The alternating harmonic series 1 − 1/2 + 1/3 − 1/4 + ⋯ converges to ln 2. If the terms are rearranged so that two positive terms always precede one negative term (e.g., 1 + 1/3 − 1/2 + 1/5 + 1/7 − 1/4 + ⋯), what can we conclude about the rearranged series?
AIt still converges to ln 2, because the same terms are present
BIt diverges, because the terms are out of order
CIt converges to a different value, approximately (3/2) ln 2
DIt cannot converge because rearranging an infinite series always destroys convergence
This is an instance of the Riemann rearrangement theorem: a conditionally convergent series can be rearranged to converge to any real value. The alternating harmonic series is conditionally convergent (∑1/n diverges, so it is not absolutely convergent), so rearrangements can produce different sums. The two-positive-one-negative rearrangement converges to (3/2) ln 2 ≈ 1.04 rather than ln 2 ≈ 0.69. Option A is the most tempting error — the naive intuition that 'same terms = same sum' fails for infinite series when convergence is only conditional.
Question 2 Multiple Choice
Which of the following series can safely be rearranged into any order without changing its sum?
A∑(−1)ⁿ/n (the alternating harmonic series)
B∑(−1)ⁿ/n² (an alternating series whose absolute value also converges)
C∑(−1)ⁿ (the alternating series of ±1, which diverges)
D∑1/n (the harmonic series, which diverges to infinity)

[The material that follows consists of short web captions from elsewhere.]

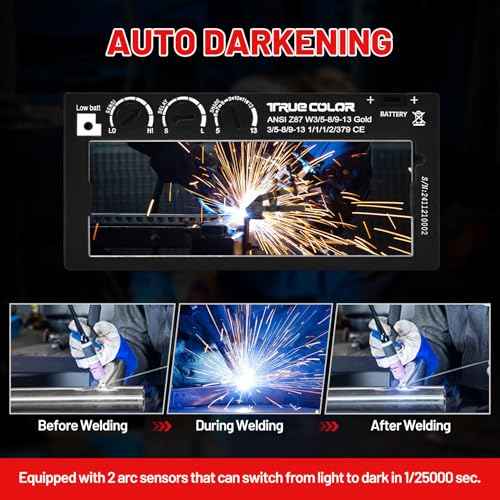 Shade 5-13 | 2x4 Auto Darkening Welding Lens | True Color Technology | Solar Charging Welding Lens with Blue Puddle Technology | 2x4 Welding Lens Replacement for Standard Welding Hoods/Welding Helmets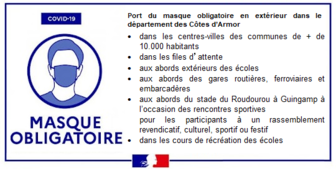 COVID 19 : les mesures sanitaires dans le département des Côtes d'Armor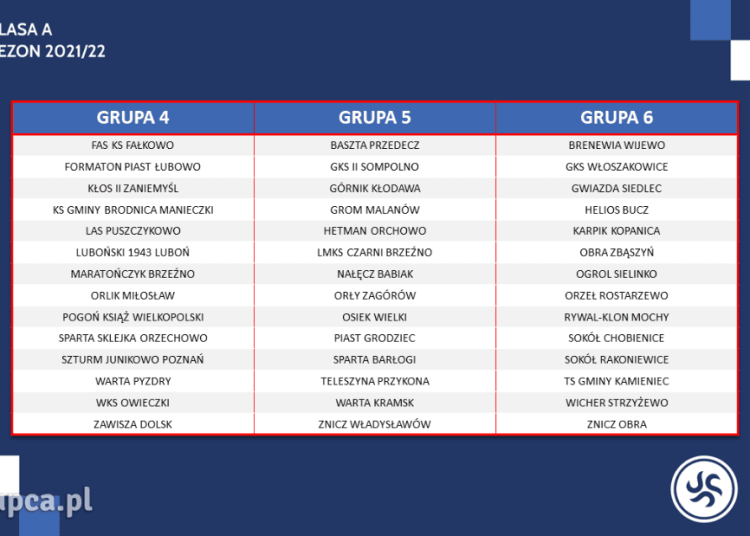 Będą derby w A Klasie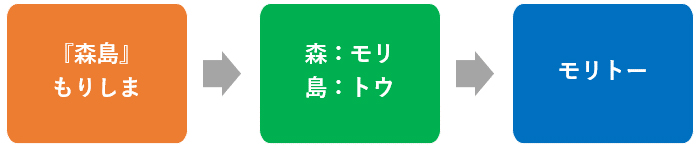 『森島』もりしま⇒森:モリ 島:トウ⇒モリトー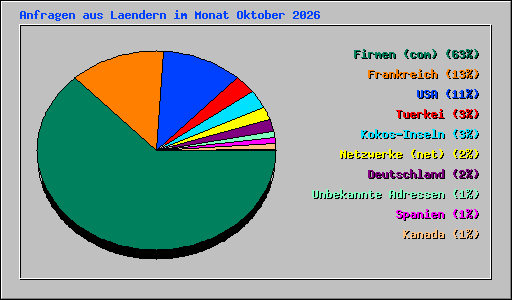 Anfragen aus Laendern im Monat Oktober 2026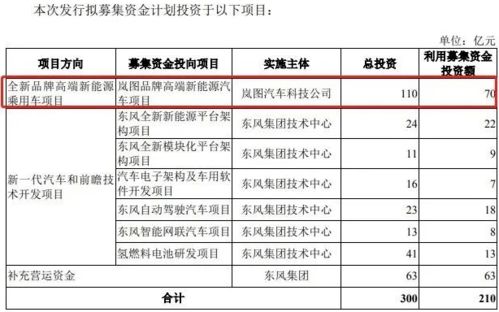 創業板史上最大ipo 東風集團募資210億回歸a股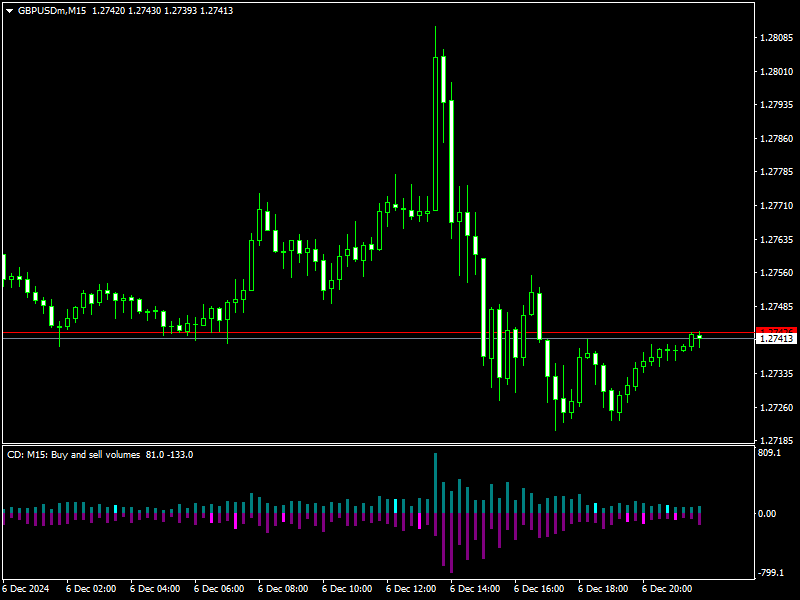 Cumulative Delta Volume Indicator Mt4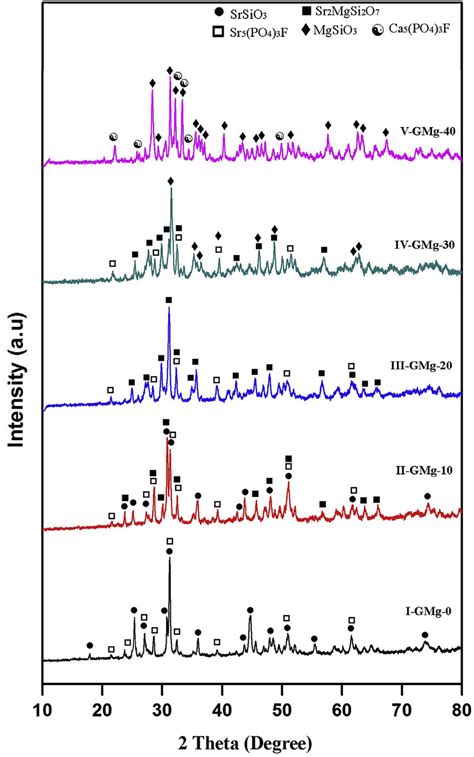 Xrd Patterns Of The Synthesized Glass Ceramics Download Scientific
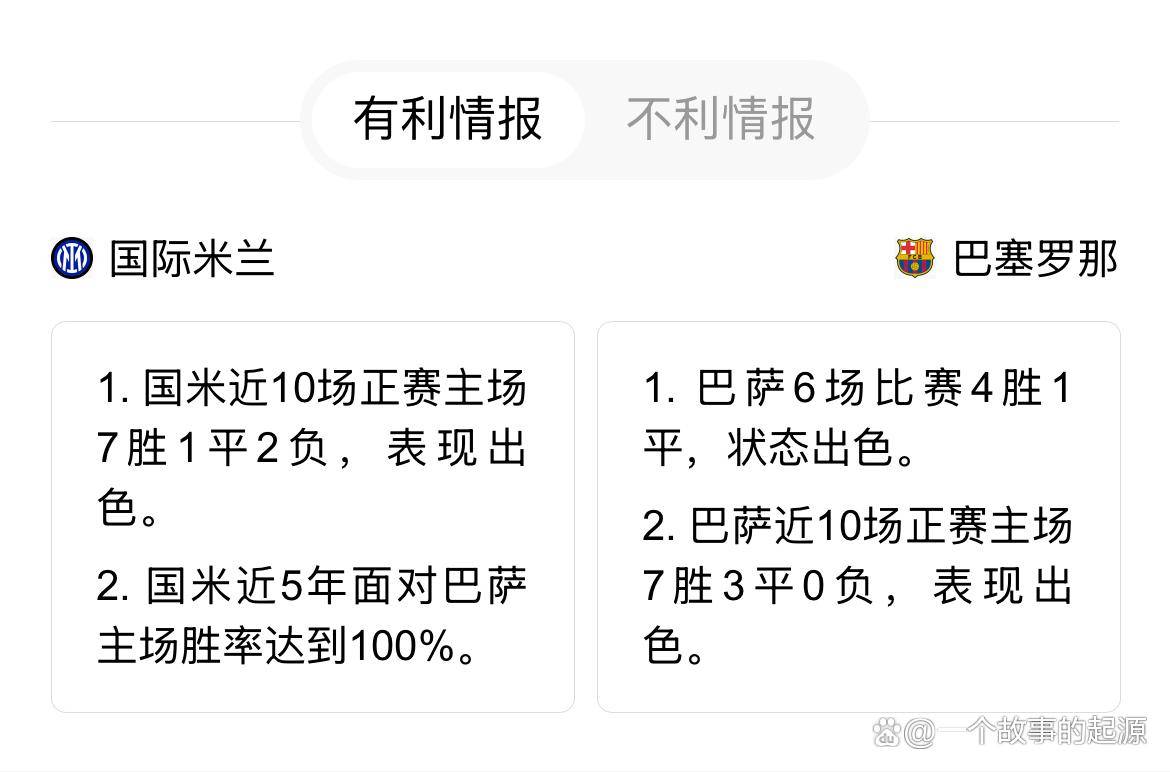 世俱杯参赛资格-关于巴萨主场战平国米，实力对等双方难分胜负的信息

Only absolutely convergent series are guaranteed to be rearrangement-invariant. ∑(−1)ⁿ/n² is absolutely convergent because ∑1/n² = π²/6 < ∞. Rearranging its terms always produces the same sum. By contrast, ∑(−1)ⁿ/n is only conditionally convergent (∑1/n diverges), so by Riemann's theorem it can be rearranged to any target value. The other two options diverge outright, so the question of rearrangement-invariance doesn't apply in the usual sense.
Question 3 True / False
If ∑aₙ converges absolutely, then ∑aₙ also converges in the ordinary sense.
TTrue
FFalse
Answer: True
Absolute convergence implies convergence. The proof uses the Cauchy criterion: since ∑|aₙ| converges, for any ε > 0 the tail sum ∑_{k=m}^{n} |aₖ| → 0, and since |∑aₖ| ≤ ∑|aₖ|, the partial sums of ∑aₙ form a Cauchy sequence and therefore converge. The converse is false — the alternating harmonic series converges but not absolutely.
Question 4 True / False
If ∑aₙ converges, then ∑|aₙ| also converges.
TTrue
FFalse
Answer: False
This is the classic false converse. The alternating harmonic series ∑(−1)ⁿ/n converges (to ln 2, by the alternating series test), but ∑|(−1)ⁿ/n| = ∑1/n is the harmonic series, which diverges. Convergence of ∑aₙ only implies absolute convergence when there is no cancellation structure exploiting the sign pattern — in general, alternating signs can carry a series to a finite limit even when the terms are too large for absolute convergence.
Question 5 Short Answer
Why does absolute convergence protect a series from the effects of rearrangement, while conditional convergence does not?
Think about your answer, then reveal below.
Model answer: In an absolutely convergent series, the positive and negative parts each converge independently to finite values. Rearranging terms cannot change the total because both sub-sums are locked in. In a conditionally convergent series, the positive terms alone diverge to +∞ and the negative terms alone diverge to −∞; the finite sum arises entirely from the balance between these two diverging components. By choosing a rearrangement that front-loads more positive (or more negative) terms, one can tip this balance arbitrarily, driving partial sums toward any target value or to infinity.
The Riemann rearrangement theorem is constructive: to rearrange ∑(−1)ⁿ/n toward a target T, take positive terms until the partial sum exceeds T, then take negative terms until it dips below T, and repeat. Since both the positive and negative sub-series diverge, this process never runs out of terms, and the oscillations shrink to zero because individual terms aₙ → 0. The key mechanism — inexhaustible supplies of both positive and negative terms — is exactly what absolute convergence rules out.